Mark Thorin's answer, above, is good, and with him I agree. (The last part of the previous sentence is an example of hyperbaton, since the "normal" word order would be "Mark Thorin's answer, above, is good, and I agree with him.)

For a humorous take on the rhetorical figure called hyperbaton, you might want to explore Yoda-speak, which is a way of talking that makes frequent use of hyperbaton. Yoda is a lovable guru and mentor to Luke Skywalker's character in the movie Star Wars.

If you are interested in converting "normal" speech into Yoda-speak, see the following web site: http://www.yodaspeak.co.uk/. Here's an interesting example:

"You were wherever, not, you now are!"


In the first sentence, you can't cut the sentence at the comma : each part has no meaning by itself. It is an inversion bringing out the main idea, and then an hyperbaton.

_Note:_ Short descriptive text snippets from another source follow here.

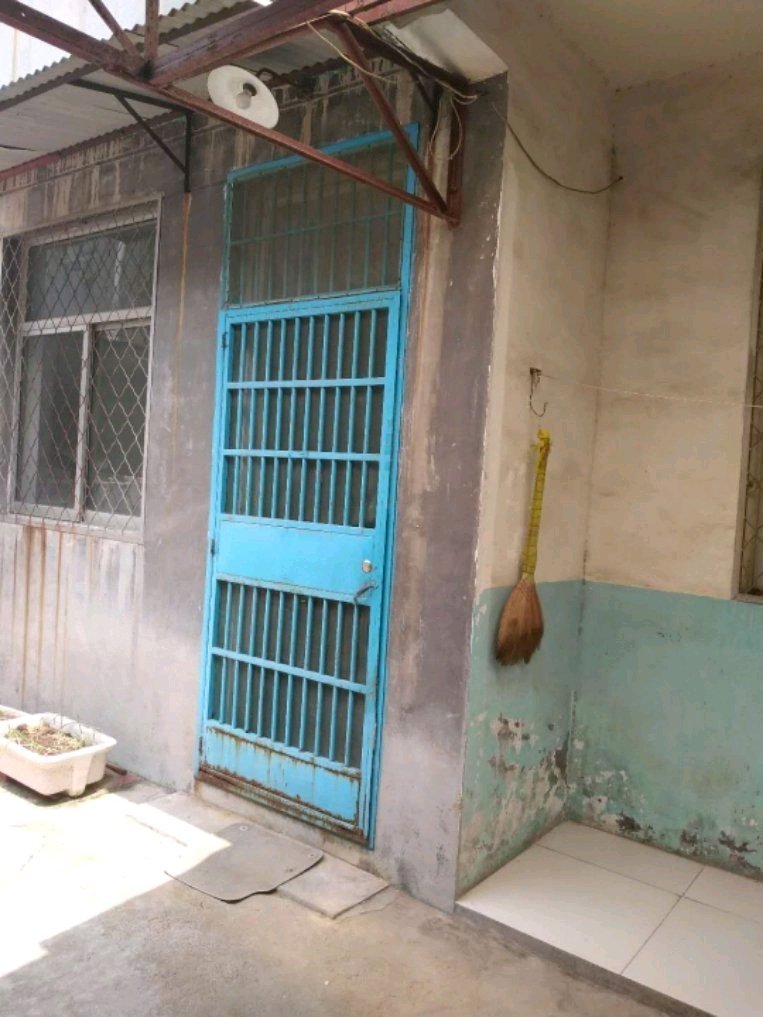 兴华小区,一中 洸河 附近两室一厅 内置楼梯 带院7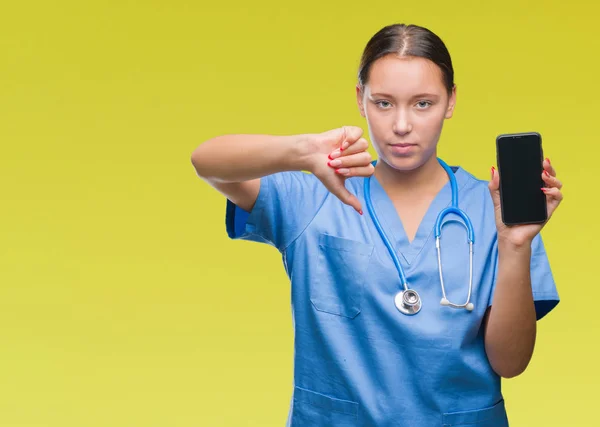 Young Caucasian Doctor Woman Showing Smarpthone Isolated Background Angry Face — Stock Photo, Image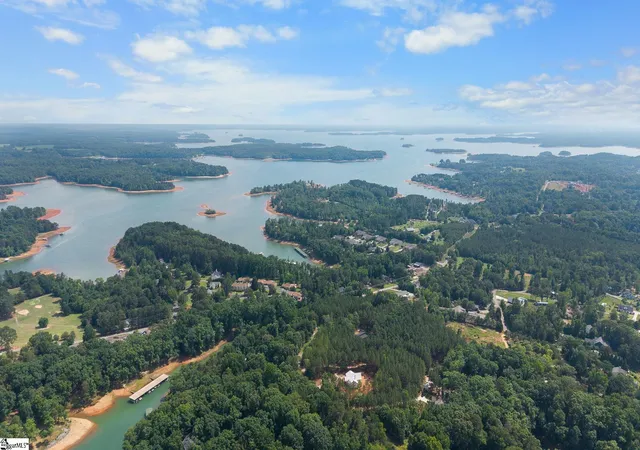 Homes for sale in Anderson, SC | 1002 Whitfield Point Rd, Anderson, SC 29626 | MLS# 1595067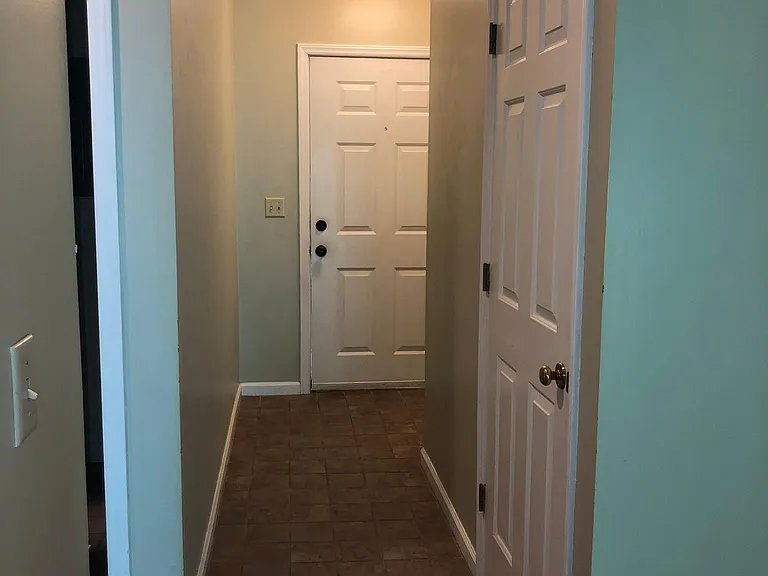 402 Windswept Dr — Photo 2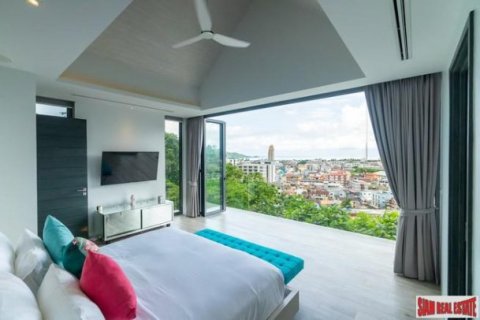 5 bedrooms Villa in Patong, Thailand No. 96386 18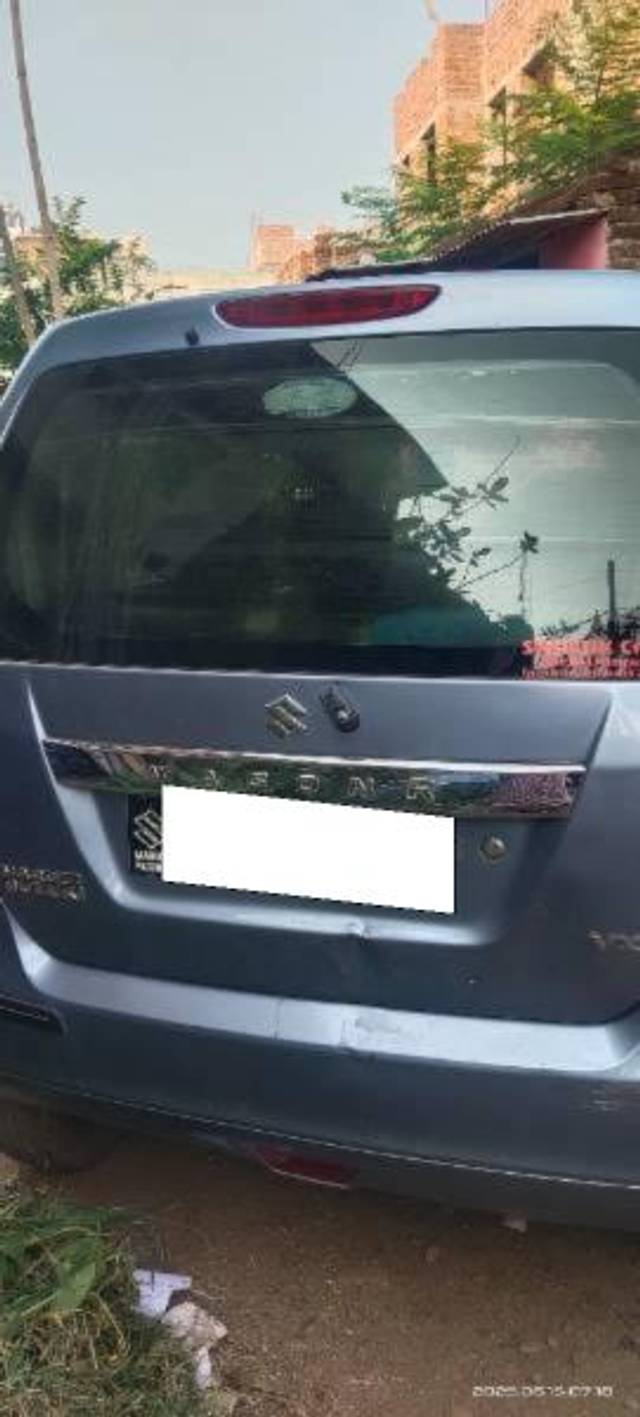 https://images10.gaadi.com/usedcar_image/4610337/original/processed_07fd96bc-82b3-477c-8c5a-83cf8e13e9f6.jpg?imwidth=6402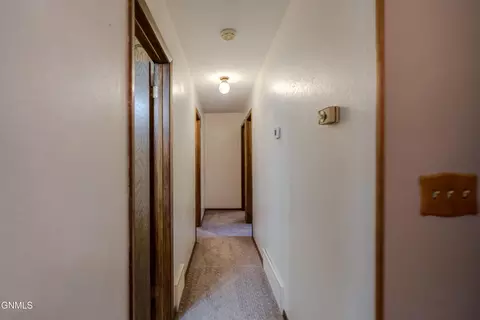 Entry Way - 237 Redstone Dr, Bismarck, ND 58503 photo 4 of 9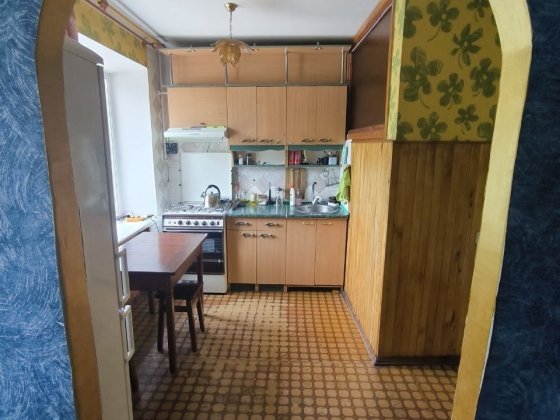 Продається затишна 2-кімнатна квартира по вул. Успенсько-Троїцька вулиця у самому центрі Конотоп. Конотоп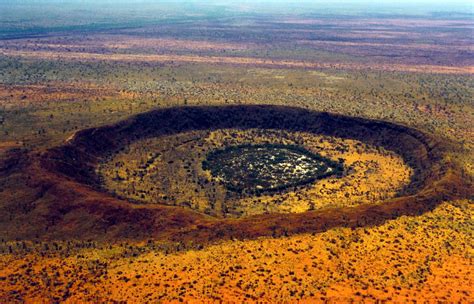 Fran West: Fran West Flyabout to Wolfe Creek Crater, Western Australia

In the second, you could : it is obvious for the first part ; the second part, although it is not "I suppose so", could stand alone as an answer to a remark.

The dialog : "It is not hard". - "I suppose". is correct, and is not an hyperbaton.

  • Is it, though, not an example of flipping the subordinate clause with the main clause ("I suppose it isn't hard" -> "It isn't hard, I suppose"), making it a hyperbaton, although a common one?
    – jocap
    Commented Oct 11, 2013 at 17:15
  • 1
    Nope, that's not hyperbaton, which by definition is a deliberate and dramatic type of word reordering. In spontaneous speech there's more variation in word order patterns simply because we utter words as they come to mind. "I suppose" is a downtoner, and one often doesn't anticipate the need to tone down one's statement. As there's no deliberation, there's no drama at play.